● **Data**:
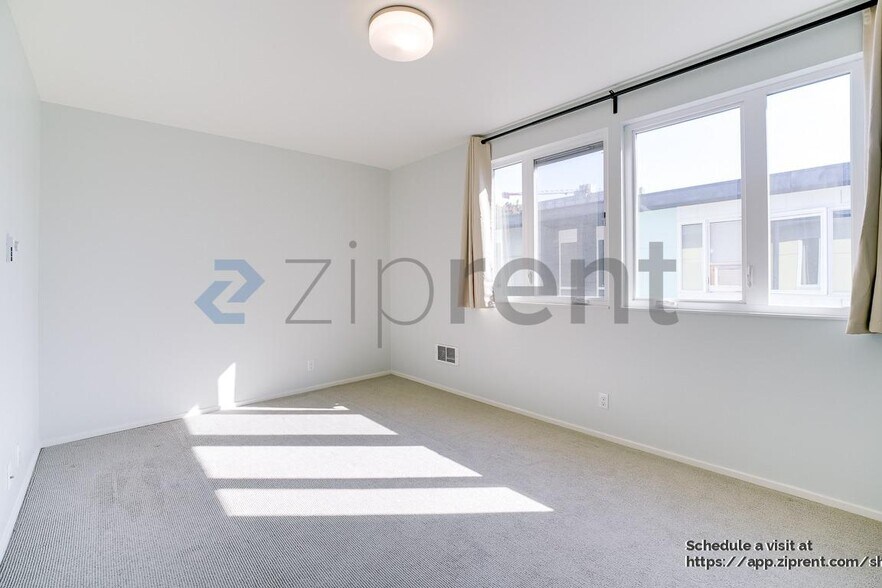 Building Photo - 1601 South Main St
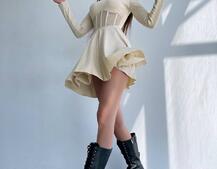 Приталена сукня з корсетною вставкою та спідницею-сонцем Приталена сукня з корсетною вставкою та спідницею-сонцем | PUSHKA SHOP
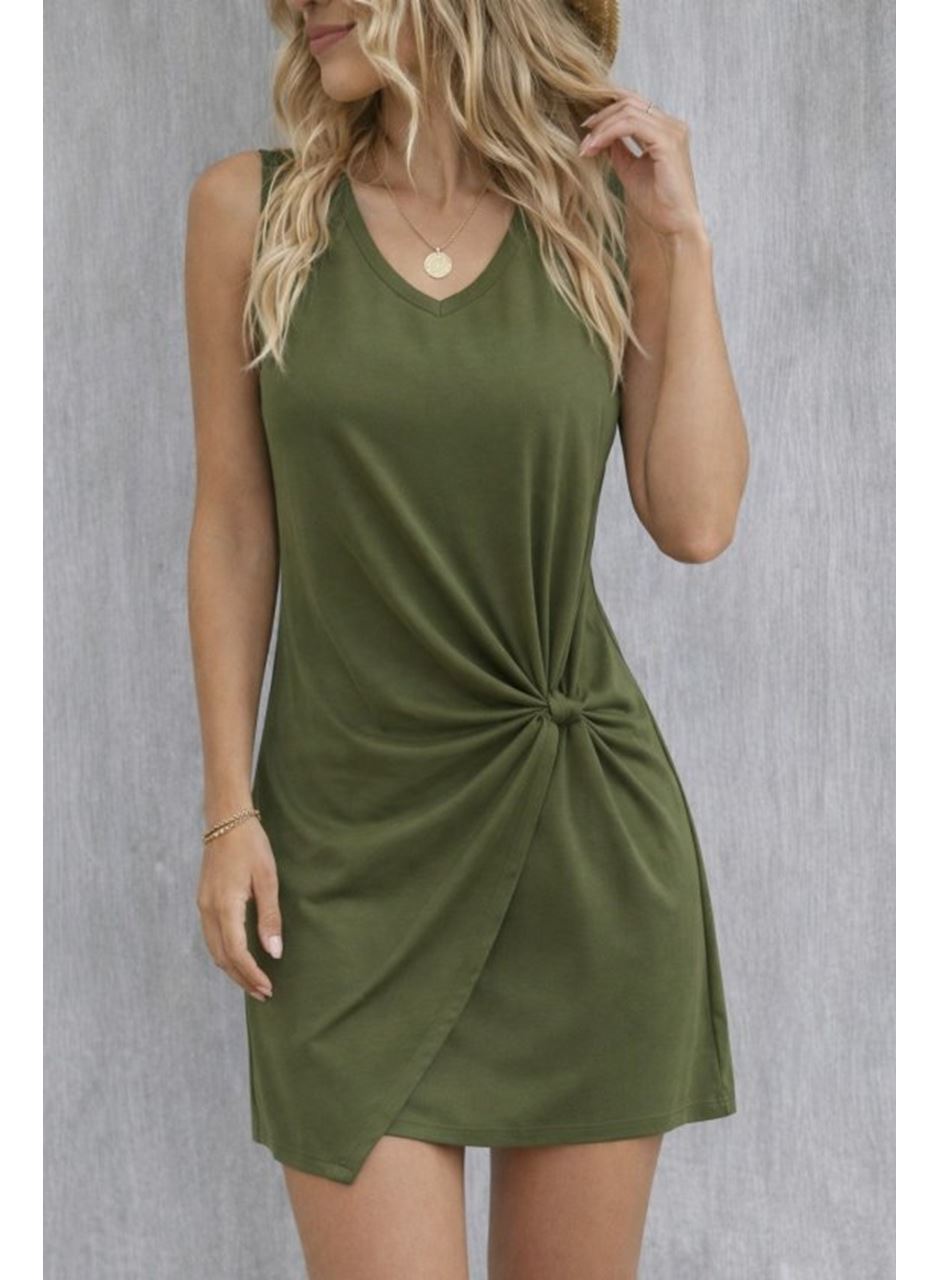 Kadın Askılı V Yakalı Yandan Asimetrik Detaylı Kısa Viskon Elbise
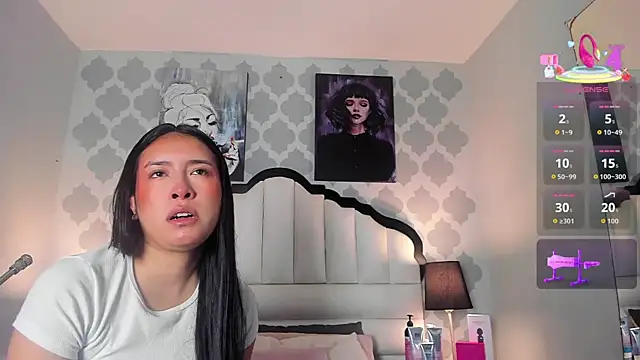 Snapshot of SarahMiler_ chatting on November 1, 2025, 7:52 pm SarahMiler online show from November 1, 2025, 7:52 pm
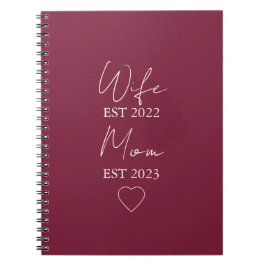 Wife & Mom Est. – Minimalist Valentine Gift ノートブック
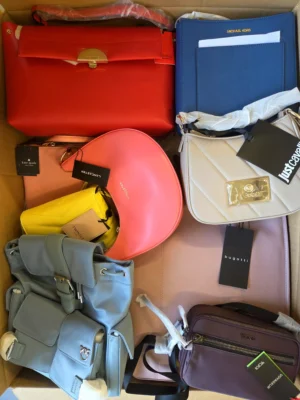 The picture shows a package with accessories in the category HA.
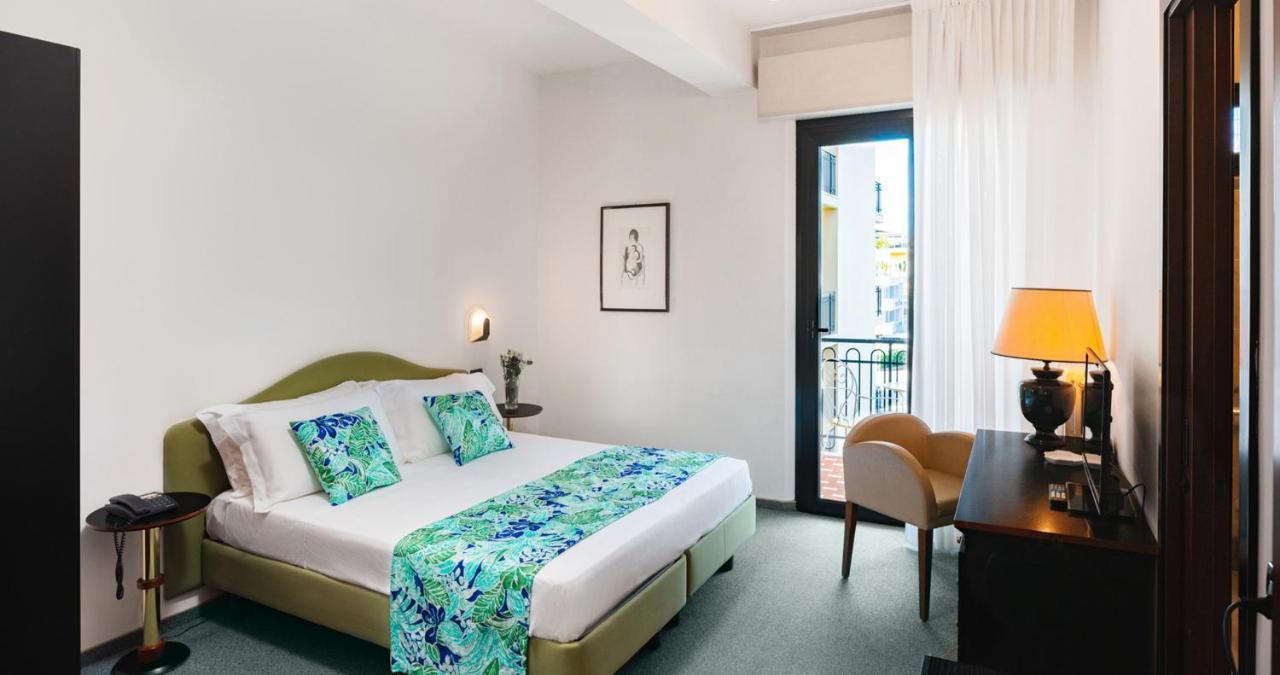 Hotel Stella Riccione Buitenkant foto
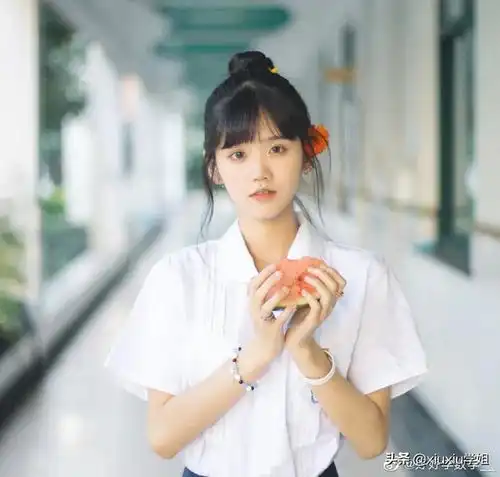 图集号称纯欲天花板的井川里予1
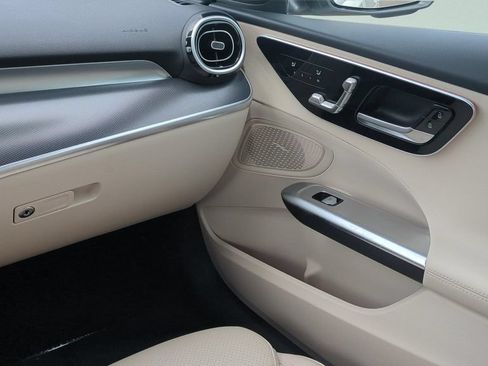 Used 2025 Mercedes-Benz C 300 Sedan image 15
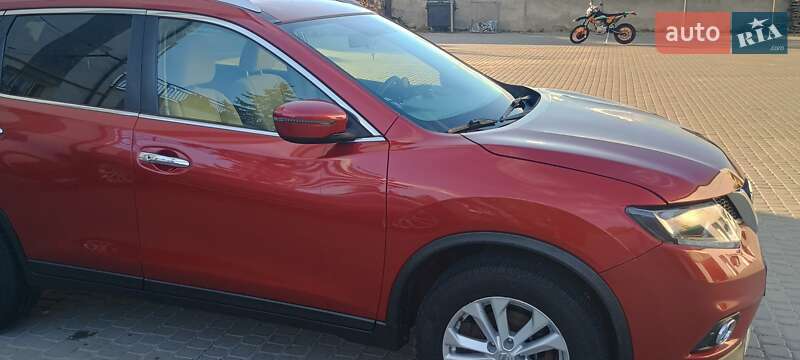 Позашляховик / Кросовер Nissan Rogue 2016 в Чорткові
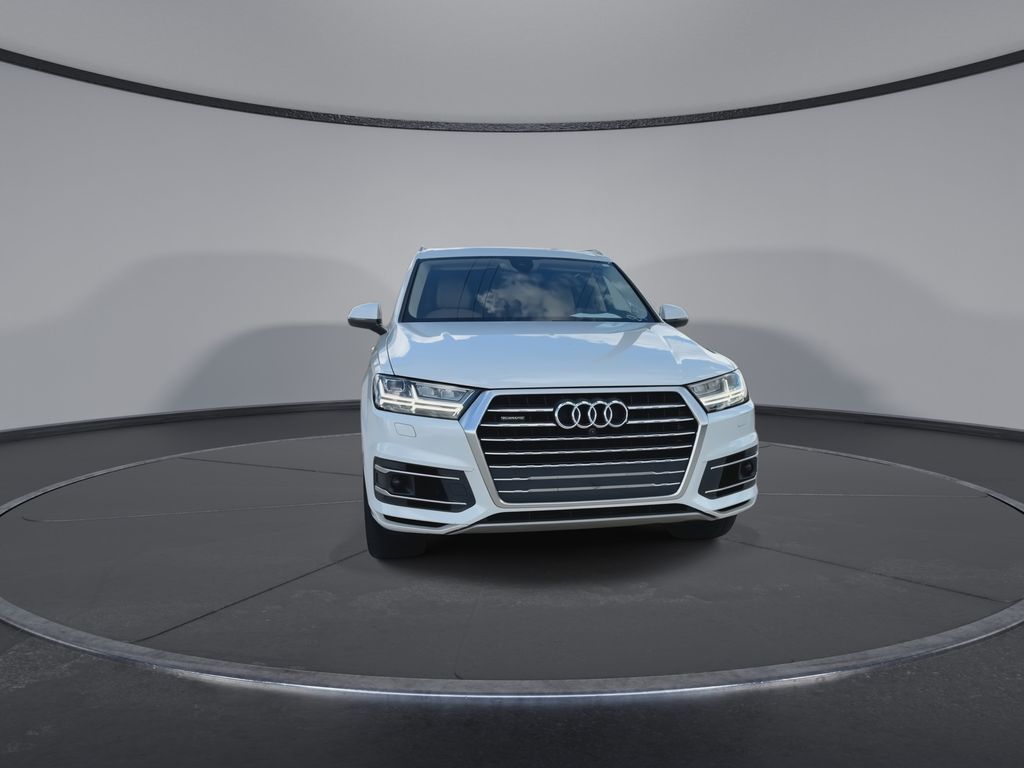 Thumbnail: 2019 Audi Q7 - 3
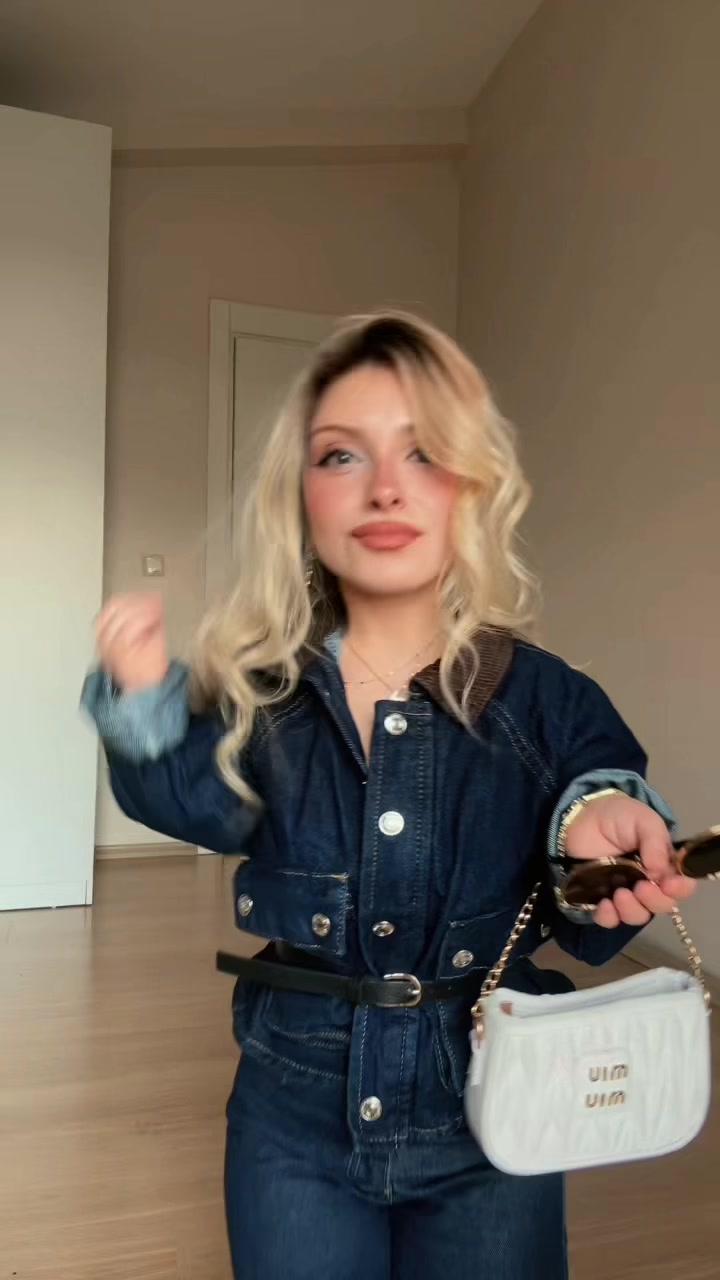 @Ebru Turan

● **Your assignment**: Your answer must be the lines from the one holding "Snapshot of SarahMiler_" through the final line of the records above, exactly as written and without any pictures.

● **Result for this exercise**:
 Snapshot of SarahMiler_ chatting on November 1, 2025, 7:52 pm SarahMiler online show from November 1, 2025, 7:52 pm
 Wife & Mom Est. – Minimalist Valentine Gift ノートブック
 The picture shows a package with accessories in the category HA.
 Hotel Stella Riccione Buitenkant foto
 图集号称纯欲天花板的井川里予1
 Used 2025 Mercedes-Benz C 300 Sedan image 15
 Позашляховик / Кросовер Nissan Rogue 2016 в Чорткові
 Thumbnail: 2019 Audi Q7 - 3
 @Ebru Turan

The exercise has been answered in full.